お金の機能は、交換・尺度・貯蔵の3つ! フル活用して資産運用を




私たちの生活で切っても切り離せないのが「お金」ですが、改めてお金とは何か考えてみると、その答えは中々出てこないものです。

ましてや経済も複雑化していきお金の形も多様化してきているため、お金の定義も曖昧になっている気もします。

そこでこの記事では、お金にはどんな機能があるのか解説していきます。

生きるうえで重要なお金のことを理解することは大切ですし、ましてやこれからお金を増やしていきたいのであれば、なおさらお金について理解しておくことが大切です。

1.お金には3つの機能がある

私たちが当たり前のように使っている、お金とは「交換の手段」「価値の尺度」「価値の保存」の3つの機能を持っており、生活の中で自然とこれらの機能をいくつかかけ合わせてお金を使っています。

1-1.交換媒体機能

お金を媒体とすることで交換をスムーズにし経済を円滑に回すことができます。

「お金」というものが無かった時代、人々は物々交換を行っていたという通説があります。

しかしこの方法では、交換した物どうしの価値が同じ価値であるかという指標が不明確です。また、こちらは野菜が欲しくて、布と交換してほしいけど、相手は布を欲していないという場合、双方が満足のいく取引が出来るかは不確かでしょう。

そこで誕生したのが「お金」です。

お金が出来てからは、価値が数字として表れ、明確に物の価値を知ることが出来るようになりました。

現在では、お金を払うことでその対価(物)を得る事ができるというシステム、つまり交換媒体機能をお金は持っているのです。

1-2.価値の尺度機能

金額という物差し(尺度)で物の価値をある程度見えるようにします。

同じメーカーのお菓子でも、売っている場所により値段が違うことがあります。同じお菓子を買う時、もし今いるスーパーよりも、他のスーパーで買う方が安いと、他のスーパーで買った方がお得ですよね。

私たちはこういったお金の価値の尺度を以て何を買うか何を売るか、などを決定しています。特に物を買う時には、その価値を数字として見ることができるため、お金は価値の尺度機能を持っているのです。

1-3.貯蔵としての機能

お金の機能として、他の物では絶対に代替できない機能があります。それが、貯蔵機能です。

簡単に言うと、貯蔵機能とは蓄えておける機能のこと。お金は劣化しません。確かに、お金の価値は刻刻と変動していますが、他の物のように腐ったり老朽化してしまうようなことはありませんよね。

物と異なり、その物自体の価値が下がることがないので、お金は将来行える交換と価値の尺度の両方を貯蔵する機能を持っているのです。

2.3つの機能をかけあわせた資産運用

お金の3つの機能「交換」「尺度」「貯蔵」ですが、時に私たちはこれらの機能を掛け合わせて生活をしています。

例えば、「交通機関を使って移動することが多くなったから、電子マネーを多めにチャージしておく」という場合は、「交換」「貯蔵」の機能のかけ合わせ。
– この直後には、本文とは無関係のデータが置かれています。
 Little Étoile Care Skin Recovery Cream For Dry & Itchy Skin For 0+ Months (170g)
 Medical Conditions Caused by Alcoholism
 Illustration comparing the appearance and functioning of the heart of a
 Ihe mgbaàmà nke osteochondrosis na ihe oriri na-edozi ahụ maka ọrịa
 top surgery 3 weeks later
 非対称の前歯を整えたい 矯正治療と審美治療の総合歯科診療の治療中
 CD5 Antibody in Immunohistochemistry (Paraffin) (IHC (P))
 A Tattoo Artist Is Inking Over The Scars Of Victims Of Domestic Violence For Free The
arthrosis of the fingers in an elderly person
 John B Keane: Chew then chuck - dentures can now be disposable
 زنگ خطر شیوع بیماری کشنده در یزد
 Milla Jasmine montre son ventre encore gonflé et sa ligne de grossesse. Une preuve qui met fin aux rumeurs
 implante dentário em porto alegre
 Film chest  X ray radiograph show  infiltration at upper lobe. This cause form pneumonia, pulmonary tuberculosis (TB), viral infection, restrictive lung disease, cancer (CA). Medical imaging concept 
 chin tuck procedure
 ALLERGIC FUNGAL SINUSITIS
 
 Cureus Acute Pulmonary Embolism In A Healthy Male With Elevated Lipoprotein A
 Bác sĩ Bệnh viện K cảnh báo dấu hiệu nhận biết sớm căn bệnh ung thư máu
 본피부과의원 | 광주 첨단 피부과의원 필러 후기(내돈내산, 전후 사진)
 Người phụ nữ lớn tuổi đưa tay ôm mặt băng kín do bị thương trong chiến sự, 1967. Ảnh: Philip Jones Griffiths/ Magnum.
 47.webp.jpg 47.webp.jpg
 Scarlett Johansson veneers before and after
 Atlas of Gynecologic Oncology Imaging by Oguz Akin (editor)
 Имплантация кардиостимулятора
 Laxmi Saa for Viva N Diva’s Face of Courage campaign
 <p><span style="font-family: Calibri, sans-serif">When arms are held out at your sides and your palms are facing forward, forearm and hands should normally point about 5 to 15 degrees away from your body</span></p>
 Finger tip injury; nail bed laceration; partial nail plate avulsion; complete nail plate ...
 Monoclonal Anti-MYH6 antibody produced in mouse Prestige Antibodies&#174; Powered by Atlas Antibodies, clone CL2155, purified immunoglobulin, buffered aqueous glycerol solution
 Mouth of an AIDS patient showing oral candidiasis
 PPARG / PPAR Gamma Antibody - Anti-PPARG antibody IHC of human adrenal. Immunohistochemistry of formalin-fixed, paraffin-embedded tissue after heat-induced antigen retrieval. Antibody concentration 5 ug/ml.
「ほしい洋服がセールで1万円になっているから購入する」という場合は、「尺度」「交換」のかけ合わせ、といった具合に無意識のうちに使いこなしています。

2つの機能のかけあわせは多くの方が実践できますが、3つかけ合わせる事でお金を貯める事も増やすことも可能です。

資産運用を行う際は、この3つのお金の機能をフル活用できるような資産運用を行いましょう。

例えば、株式投資を行うとしましょう。その際、自身の持つお金と購入する株が、ほかの交換に値するかどうか、同等の価値で交換できるかどうかを考えます。

つまり、まずは交換と尺度という2つのお金の機能を考慮して投資を行います。

もしその投資先が今後成長していく可能性があるのであれば、株式の世界では「交換」に値する投資ということになるでしょう。逆に投資する価値が無ければ、それは交換に値しないということです。

一旦投資をはじめ、投資先が見事成長していった場合、お金は貯蔵機能としての役割も果たすことになります。

反対に、投資先の成長が陰り始め、株式の価値が下がっていくと、自分の元のお金は、交換に値しないものとなり、また貯蔵機能も衰え、交換・尺度・貯蔵のバランスが崩れてしまうのです。

交換・尺度・貯蔵。この3つのお金を機能を知ることが、価値のある資産運用が行える決め手になります。

3つのお金の機能をかけあわせ、バランスの取れた資産運用を行いましょう。